======== PROVIDED RECORDS

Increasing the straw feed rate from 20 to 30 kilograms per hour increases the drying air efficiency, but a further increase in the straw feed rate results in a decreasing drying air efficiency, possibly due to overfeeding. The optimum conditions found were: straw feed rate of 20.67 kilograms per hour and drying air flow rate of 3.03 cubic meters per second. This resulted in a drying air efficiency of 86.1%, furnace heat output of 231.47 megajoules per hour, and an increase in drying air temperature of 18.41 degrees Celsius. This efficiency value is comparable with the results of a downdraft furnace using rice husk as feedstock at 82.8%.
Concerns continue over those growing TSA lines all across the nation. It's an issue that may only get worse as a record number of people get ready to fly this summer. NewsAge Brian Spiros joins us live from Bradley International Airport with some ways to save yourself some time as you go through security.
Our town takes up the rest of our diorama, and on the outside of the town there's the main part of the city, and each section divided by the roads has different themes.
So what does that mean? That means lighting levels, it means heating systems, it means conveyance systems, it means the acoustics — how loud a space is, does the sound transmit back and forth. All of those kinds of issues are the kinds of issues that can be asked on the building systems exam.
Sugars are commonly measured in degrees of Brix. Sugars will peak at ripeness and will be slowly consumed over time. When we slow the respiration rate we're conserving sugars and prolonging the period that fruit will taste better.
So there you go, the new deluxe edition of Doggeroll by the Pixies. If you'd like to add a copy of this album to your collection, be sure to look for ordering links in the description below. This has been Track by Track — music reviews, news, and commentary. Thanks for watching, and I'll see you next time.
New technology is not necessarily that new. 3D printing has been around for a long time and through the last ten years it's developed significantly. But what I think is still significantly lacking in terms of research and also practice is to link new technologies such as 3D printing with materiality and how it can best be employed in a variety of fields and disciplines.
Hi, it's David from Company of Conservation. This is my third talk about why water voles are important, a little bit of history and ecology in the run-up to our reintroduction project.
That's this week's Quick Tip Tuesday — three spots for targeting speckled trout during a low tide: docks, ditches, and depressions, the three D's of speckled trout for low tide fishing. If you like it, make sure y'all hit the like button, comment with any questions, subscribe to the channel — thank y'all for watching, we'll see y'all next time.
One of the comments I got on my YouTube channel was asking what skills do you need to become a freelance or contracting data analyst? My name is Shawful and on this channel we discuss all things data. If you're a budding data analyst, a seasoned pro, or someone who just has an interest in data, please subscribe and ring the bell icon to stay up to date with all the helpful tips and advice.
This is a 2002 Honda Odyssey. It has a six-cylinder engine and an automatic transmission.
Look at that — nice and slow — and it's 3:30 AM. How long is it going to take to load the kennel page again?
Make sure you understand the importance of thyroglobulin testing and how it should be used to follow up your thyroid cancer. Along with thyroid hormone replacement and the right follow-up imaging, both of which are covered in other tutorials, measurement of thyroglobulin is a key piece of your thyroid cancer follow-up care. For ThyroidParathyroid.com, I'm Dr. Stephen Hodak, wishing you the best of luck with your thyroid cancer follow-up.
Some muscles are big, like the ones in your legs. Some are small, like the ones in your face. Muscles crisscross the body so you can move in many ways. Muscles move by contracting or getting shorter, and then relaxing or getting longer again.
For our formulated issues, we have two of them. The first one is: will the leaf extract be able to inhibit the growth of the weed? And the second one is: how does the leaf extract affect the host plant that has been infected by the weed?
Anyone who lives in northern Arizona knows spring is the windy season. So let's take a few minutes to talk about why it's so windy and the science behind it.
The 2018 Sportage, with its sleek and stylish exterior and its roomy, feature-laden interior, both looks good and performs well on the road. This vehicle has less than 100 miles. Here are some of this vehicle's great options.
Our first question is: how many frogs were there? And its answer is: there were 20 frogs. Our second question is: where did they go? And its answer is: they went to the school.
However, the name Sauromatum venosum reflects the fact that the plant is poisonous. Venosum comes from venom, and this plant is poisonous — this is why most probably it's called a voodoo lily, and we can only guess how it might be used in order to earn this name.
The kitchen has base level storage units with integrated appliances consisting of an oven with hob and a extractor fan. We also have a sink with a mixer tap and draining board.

================

* [WHAT TO PRODUCE]
Retype the records in full. Keep every line identical to the original.

* [YOUR RESPONSE]
Increasing the straw feed rate from 20 to 30 kilograms per hour increases the drying air efficiency, but a further increase in the straw feed rate results in a decreasing drying air efficiency, possibly due to overfeeding. The optimum conditions found were: straw feed rate of 20.67 kilograms per hour and drying air flow rate of 3.03 cubic meters per second. This resulted in a drying air efficiency of 86.1%, furnace heat output of 231.47 megajoules per hour, and an increase in drying air temperature of 18.41 degrees Celsius. This efficiency value is comparable with the results of a downdraft furnace using rice husk as feedstock at 82.8%.
Concerns continue over those growing TSA lines all across the nation. It's an issue that may only get worse as a record number of people get ready to fly this summer. NewsAge Brian Spiros joins us live from Bradley International Airport with some ways to save yourself some time as you go through security.
Our town takes up the rest of our diorama, and on the outside of the town there's the main part of the city, and each section divided by the roads has different themes.
So what does that mean? That means lighting levels, it means heating systems, it means conveyance systems, it means the acoustics — how loud a space is, does the sound transmit back and forth. All of those kinds of issues are the kinds of issues that can be asked on the building systems exam.
Sugars are commonly measured in degrees of Brix. Sugars will peak at ripeness and will be slowly consumed over time. When we slow the respiration rate we're conserving sugars and prolonging the period that fruit will taste better.
So there you go, the new deluxe edition of Doggeroll by the Pixies. If you'd like to add a copy of this album to your collection, be sure to look for ordering links in the description below. This has been Track by Track — music reviews, news, and commentary. Thanks for watching, and I'll see you next time.
New technology is not necessarily that new. 3D printing has been around for a long time and through the last ten years it's developed significantly. But what I think is still significantly lacking in terms of research and also practice is to link new technologies such as 3D printing with materiality and how it can best be employed in a variety of fields and disciplines.
Hi, it's David from Company of Conservation. This is my third talk about why water voles are important, a little bit of history and ecology in the run-up to our reintroduction project.
That's this week's Quick Tip Tuesday — three spots for targeting speckled trout during a low tide: docks, ditches, and depressions, the three D's of speckled trout for low tide fishing. If you like it, make sure y'all hit the like button, comment with any questions, subscribe to the channel — thank y'all for watching, we'll see y'all next time.
One of the comments I got on my YouTube channel was asking what skills do you need to become a freelance or contracting data analyst? My name is Shawful and on this channel we discuss all things data. If you're a budding data analyst, a seasoned pro, or someone who just has an interest in data, please subscribe and ring the bell icon to stay up to date with all the helpful tips and advice.
This is a 2002 Honda Odyssey. It has a six-cylinder engine and an automatic transmission.
Look at that — nice and slow — and it's 3:30 AM. How long is it going to take to load the kennel page again?
Make sure you understand the importance of thyroglobulin testing and how it should be used to follow up your thyroid cancer. Along with thyroid hormone replacement and the right follow-up imaging, both of which are covered in other tutorials, measurement of thyroglobulin is a key piece of your thyroid cancer follow-up care. For ThyroidParathyroid.com, I'm Dr. Stephen Hodak, wishing you the best of luck with your thyroid cancer follow-up.
Some muscles are big, like the ones in your legs. Some are small, like the ones in your face. Muscles crisscross the body so you can move in many ways. Muscles move by contracting or getting shorter, and then relaxing or getting longer again.
For our formulated issues, we have two of them. The first one is: will the leaf extract be able to inhibit the growth of the weed? And the second one is: how does the leaf extract affect the host plant that has been infected by the weed?
Anyone who lives in northern Arizona knows spring is the windy season. So let's take a few minutes to talk about why it's so windy and the science behind it.
The 2018 Sportage, with its sleek and stylish exterior and its roomy, feature-laden interior, both looks good and performs well on the road. This vehicle has less than 100 miles. Here are some of this vehicle's great options.
Our first question is: how many frogs were there? And its answer is: there were 20 frogs. Our second question is: where did they go? And its answer is: they went to the school.
However, the name Sauromatum venosum reflects the fact that the plant is poisonous. Venosum comes from venom, and this plant is poisonous — this is why most probably it's called a voodoo lily, and we can only guess how it might be used in order to earn this name.
The kitchen has base level storage units with integrated appliances consisting of an oven with hob and a extractor fan. We also have a sink with a mixer tap and draining board.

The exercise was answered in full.